Ainsi, les marins phéniciens et égyptiens, puis grecs et
enfin romains et arabes se limitent aux côtes méditerranéennes,
berceau maritime de l’humanité. En mer Méditerranée,
les marées sont peu importantes. C’est pourquoi ces différents
peuples ne sont pas confrontés immédiatement à ce
phénomène naturel océanique. Puis, les progrès
dans le domaine de la navigation se faisant et les conquêtes armées
aidant, ils s’aventurent plus loin le long des côtes de l’Atlantique,
dans la Mer Rouge et jusque dans l’Océan Indien. Dans ces zones,
les marées sont beaucoup plus importantes et les marins et navigateurs
de l’antiquité ne peuvent que les constater.

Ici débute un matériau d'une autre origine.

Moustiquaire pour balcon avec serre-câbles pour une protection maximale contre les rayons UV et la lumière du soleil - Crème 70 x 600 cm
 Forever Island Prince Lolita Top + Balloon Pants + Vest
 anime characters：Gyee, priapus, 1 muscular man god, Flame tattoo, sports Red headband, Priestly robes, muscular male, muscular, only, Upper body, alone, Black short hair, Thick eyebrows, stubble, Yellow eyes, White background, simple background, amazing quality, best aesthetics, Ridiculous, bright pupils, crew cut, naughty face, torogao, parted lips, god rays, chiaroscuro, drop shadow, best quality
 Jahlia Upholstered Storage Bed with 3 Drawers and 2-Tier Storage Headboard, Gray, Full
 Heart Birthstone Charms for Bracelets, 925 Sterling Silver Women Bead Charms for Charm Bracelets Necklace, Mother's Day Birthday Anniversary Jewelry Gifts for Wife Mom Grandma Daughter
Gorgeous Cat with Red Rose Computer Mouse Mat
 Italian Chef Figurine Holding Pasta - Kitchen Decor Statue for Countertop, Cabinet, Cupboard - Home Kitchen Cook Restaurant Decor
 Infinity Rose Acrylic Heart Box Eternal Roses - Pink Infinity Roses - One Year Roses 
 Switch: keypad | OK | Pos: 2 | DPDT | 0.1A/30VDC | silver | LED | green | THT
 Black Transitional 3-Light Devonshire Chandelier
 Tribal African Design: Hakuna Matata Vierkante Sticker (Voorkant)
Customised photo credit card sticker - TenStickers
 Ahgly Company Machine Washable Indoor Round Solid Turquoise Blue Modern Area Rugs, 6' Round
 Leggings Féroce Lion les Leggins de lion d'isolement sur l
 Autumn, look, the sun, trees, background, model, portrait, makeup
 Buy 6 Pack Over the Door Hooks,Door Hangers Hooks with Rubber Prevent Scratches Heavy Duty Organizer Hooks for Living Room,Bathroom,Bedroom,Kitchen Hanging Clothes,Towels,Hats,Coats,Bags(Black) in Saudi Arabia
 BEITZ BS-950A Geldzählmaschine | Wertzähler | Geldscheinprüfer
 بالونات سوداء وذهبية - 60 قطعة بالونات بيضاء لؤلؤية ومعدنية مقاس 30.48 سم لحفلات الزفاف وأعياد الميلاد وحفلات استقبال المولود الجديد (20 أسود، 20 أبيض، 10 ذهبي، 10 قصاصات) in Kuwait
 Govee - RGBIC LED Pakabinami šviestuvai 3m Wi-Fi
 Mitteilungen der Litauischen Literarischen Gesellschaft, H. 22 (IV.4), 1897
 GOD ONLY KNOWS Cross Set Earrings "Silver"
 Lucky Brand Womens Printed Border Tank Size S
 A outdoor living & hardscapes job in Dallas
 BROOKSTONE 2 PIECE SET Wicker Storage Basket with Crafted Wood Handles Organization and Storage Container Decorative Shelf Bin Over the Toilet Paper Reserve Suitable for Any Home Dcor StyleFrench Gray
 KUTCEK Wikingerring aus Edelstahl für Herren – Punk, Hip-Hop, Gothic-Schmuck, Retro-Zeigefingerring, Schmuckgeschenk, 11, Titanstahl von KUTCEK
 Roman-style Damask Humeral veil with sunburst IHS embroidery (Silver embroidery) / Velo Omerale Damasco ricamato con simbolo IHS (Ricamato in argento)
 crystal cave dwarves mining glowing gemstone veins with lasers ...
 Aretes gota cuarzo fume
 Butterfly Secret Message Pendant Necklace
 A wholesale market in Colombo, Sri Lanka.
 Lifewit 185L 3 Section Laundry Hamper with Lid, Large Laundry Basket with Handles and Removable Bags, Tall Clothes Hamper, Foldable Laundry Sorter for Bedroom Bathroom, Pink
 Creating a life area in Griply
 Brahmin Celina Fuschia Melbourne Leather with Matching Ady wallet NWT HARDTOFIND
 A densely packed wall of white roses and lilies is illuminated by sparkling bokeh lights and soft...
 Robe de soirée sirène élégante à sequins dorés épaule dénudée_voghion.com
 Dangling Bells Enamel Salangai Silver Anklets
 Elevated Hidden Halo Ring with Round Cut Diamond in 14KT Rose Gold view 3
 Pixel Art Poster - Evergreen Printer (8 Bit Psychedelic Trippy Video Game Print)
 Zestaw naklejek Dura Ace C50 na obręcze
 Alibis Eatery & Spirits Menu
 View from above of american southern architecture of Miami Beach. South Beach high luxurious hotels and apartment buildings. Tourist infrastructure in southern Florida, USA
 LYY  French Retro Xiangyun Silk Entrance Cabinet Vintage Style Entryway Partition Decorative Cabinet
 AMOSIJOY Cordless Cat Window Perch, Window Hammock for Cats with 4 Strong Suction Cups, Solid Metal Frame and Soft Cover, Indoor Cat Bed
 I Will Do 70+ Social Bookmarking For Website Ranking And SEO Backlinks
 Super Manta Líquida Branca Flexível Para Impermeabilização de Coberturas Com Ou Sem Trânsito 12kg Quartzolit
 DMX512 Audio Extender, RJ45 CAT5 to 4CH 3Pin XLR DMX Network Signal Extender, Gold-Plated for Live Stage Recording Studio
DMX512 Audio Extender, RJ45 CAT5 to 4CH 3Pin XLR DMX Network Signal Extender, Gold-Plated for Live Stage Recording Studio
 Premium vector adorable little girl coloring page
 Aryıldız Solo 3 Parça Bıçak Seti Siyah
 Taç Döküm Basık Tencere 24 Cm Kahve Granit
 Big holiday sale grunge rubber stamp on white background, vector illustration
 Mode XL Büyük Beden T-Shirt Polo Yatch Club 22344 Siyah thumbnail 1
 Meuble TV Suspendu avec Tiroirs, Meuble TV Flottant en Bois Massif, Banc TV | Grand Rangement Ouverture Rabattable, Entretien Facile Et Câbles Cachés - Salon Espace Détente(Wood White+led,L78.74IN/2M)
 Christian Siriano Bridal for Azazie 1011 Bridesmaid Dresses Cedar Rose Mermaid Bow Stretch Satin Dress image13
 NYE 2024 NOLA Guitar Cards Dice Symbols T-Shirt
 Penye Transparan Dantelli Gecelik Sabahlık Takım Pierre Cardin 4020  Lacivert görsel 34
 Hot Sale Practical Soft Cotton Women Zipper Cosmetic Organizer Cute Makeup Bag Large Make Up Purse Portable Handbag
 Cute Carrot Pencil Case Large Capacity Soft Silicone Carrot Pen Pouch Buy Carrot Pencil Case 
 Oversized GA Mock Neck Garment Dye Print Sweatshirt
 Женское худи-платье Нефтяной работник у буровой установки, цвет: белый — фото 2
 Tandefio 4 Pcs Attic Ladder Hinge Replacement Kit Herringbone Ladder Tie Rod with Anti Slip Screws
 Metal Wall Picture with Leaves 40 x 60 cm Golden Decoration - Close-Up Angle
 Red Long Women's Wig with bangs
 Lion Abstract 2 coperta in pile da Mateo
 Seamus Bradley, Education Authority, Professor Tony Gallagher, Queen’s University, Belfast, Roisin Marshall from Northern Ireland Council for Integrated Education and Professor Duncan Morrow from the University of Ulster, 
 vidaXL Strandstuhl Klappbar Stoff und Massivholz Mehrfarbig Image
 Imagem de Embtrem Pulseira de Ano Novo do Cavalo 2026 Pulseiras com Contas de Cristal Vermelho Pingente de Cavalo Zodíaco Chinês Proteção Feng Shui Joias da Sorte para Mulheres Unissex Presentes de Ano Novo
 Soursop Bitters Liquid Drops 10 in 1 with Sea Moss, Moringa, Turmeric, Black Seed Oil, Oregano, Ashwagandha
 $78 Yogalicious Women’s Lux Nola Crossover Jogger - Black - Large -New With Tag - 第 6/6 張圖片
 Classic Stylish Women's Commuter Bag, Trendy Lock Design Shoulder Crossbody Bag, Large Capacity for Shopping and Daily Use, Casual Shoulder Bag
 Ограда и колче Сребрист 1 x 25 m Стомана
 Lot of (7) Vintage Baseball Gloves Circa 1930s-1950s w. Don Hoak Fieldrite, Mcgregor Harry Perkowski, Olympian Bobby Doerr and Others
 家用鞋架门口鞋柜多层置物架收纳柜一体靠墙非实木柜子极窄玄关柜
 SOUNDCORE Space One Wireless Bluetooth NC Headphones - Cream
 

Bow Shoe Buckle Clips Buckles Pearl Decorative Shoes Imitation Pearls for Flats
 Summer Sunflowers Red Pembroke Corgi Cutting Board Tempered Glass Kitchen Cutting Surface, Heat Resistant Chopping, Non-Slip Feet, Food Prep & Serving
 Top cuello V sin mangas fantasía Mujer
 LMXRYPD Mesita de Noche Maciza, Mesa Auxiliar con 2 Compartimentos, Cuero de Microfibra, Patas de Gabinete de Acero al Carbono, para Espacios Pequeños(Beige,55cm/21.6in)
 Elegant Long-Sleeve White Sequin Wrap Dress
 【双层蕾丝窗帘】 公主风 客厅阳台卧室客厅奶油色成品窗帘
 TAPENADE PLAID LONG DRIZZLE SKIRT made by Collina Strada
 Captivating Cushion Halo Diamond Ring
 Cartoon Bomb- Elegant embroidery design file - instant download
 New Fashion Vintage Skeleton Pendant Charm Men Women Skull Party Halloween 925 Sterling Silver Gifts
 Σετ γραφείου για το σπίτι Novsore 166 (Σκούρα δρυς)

C’est pourquoi plusieurs observations et
mesures des variations du niveau de la mer sont faites. Puis quelques explications
sur ce phénomène de montées et descentes des eaux
voient le jour. Plusieurs navigateurs et scientifiques grecs et romains
le mentionnent et essayent, avec plus ou moins de succès, de l’expliquer
dans des écrits qui nous sont parvenus. En 425 avant J.C., le premier
historien grec Hérodote (~484-425 av. J.C.) décrit
le phénomène des marées dans le Golfe de Suez. Pour
le philosophe grec Platon (~428-~348 av. J.C.) les marées
sont dues aux oscillations périodiques au sein même de la
Terre. Le voyageur grec Pythéas (~380-~310 av. J.C.), né
à Marseille, explore les côtes septentrionales de l’Europe
et effectue plusieurs voyages dans les îles britanniques. Durant
ces voyages, il comprend qu’il y a un lien entre les marées et la
Lune. Il note même que deux marées basses et deux marées
hautes ont lieu tous les jours environ. Le disciple de Platon, Aristote
(~385-348 av. J.C.), signale des marées le long des côtes
espagnoles en 324 avant J.C. En 150 avant J.C., l’astronome grec Seleucus
(~190- ? av. J.C.) fervent partisan de l’hypothèse héliocentrique
du système solaire, explique l’amplitude de la marée en fonction
de la déclinaison de la Lune après de nombreuses observations
en Mer Rouge. Les notions de bases divulguées par ces scientifiques
sont reprises et développées pendant plusieurs siècles.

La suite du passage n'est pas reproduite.